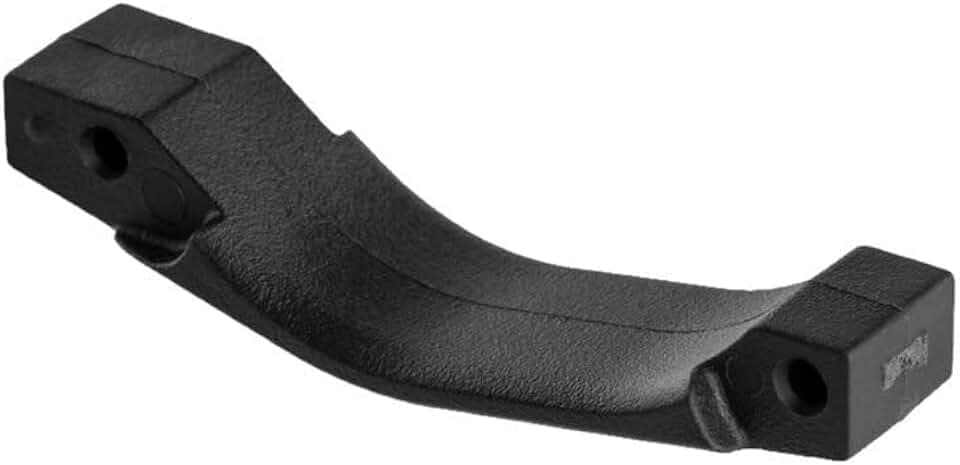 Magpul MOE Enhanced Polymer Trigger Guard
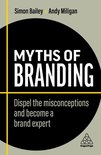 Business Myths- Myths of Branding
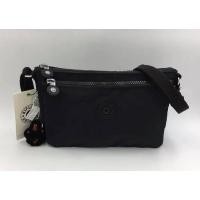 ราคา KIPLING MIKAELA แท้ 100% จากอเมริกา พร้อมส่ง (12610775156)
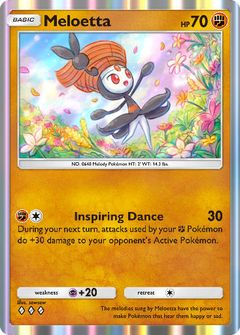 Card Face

WORK TO COMPLETE - Omit pictures; set down the rest of the material word for word.

COMPLETED EXERCISE -
 Magpul MOE Enhanced Polymer Trigger Guard
 Business Myths- Myths of Branding
 ราคา KIPLING MIKAELA แท้ 100% จากอเมริกา พร้อมส่ง (12610775156)
 Card Face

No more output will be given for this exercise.